主音響鳴動は火災警報の場合だけではありません。
落ち着いて対処してください。

『そんなこと言ったって、本当にけたたましい音だったよ。

  そうそう、エイリアン 1 で、リプリーが宇宙船自爆装置を起動させたときに鳴り響いたあの警告音、

  「ブ~ッ、ブ~ッ、自爆装置起動、自爆装置起動、あと10分で爆発します。ブ~ッ、ブ~ッ」

  緊迫感満点だったよ。
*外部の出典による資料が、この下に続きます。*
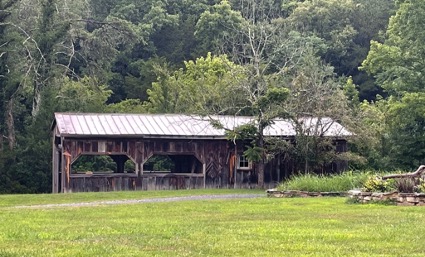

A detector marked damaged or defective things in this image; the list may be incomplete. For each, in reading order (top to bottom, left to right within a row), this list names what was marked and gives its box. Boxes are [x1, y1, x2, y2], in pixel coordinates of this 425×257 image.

rusty metal roof panel [53, 112, 352, 138]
』


なお、この予備電源動作時の警報音は予め「off」にできます。

また、予備電源に切り替わったあと復旧などの操作は不要です。
そのまま放置しておけばOKです。


5.受信機ランプ・ボタンの例


日信防災・BFAP128A 火災受信機のランプ・ボタンです。


 (ランプ)

・A/交流電源灯
 →正常な監視状態ではこのランプだけ点灯
・B/スイッチ注意灯
  →通常時に押してはいけないスイッチが入っている。
・C/発信機灯→発信機が押された
・D/異常灯→システムに異常がある
  →②の回線窓にエラーコードが表示される。
・E/ 蓄積灯→感知器の第二報待ち
・F/電話灯→電話使用中
・G/非常放送中
・H/消火栓始動灯→消火栓ポンプ始動

 (ボタン等)

・I/電話ジャック差込み口
・J/地区音響一斉鳴動スイッチ
・K/表示器呼び出しスイッチ→電話連絡呼び出し

※他のランプやボタンは機器試験のためのものです。
   警備員には関係ありません。
  


警報が鳴ったら

 ・火災警報か?→①火災灯が点灯→火災信号だ!

 ・場所は?②回線表示窓の数字と地区窓の表示を確認→2階西側だ!

③主音響停止→ ここを押しても警備室のベルが止まるだけ、他に一切影響なし!自信を持ってボタンを押しましょう。

 ・現場で誤報・非火災を確認、その原因を排除。

④地区音響停止

 ・現場での復旧→発信機のボタンを戻す,防火シャッターを復旧させる、ポンプ室のボタンでポンプを止める。

⑤復旧→このボタンを押すのは最後の最後。


・警報が鳴ったら、それがどんな警報でも①②③を行う。

・①火災灯が点灯しなければ、蓄積中かシステム異常か予備電源切換。

・蓄積中なら回線表示と地区窓が点灯→第二報で火災警報となる。
・システム異常ならエラーコードが回線表示窓に出る

・押して良いのは③主音響スイッチ、④地区音響スイッチ、⑤復旧スイッチ。

・④は現場で誤報・非火災報を確認してから。一人勤務なら警備室に帰って来てから。

・⑤はすべて終わって一段落してから。


正常な監視状態は、緑枠のA/交流電流灯だけがついています。
この状態を常に確認するようにしましょう。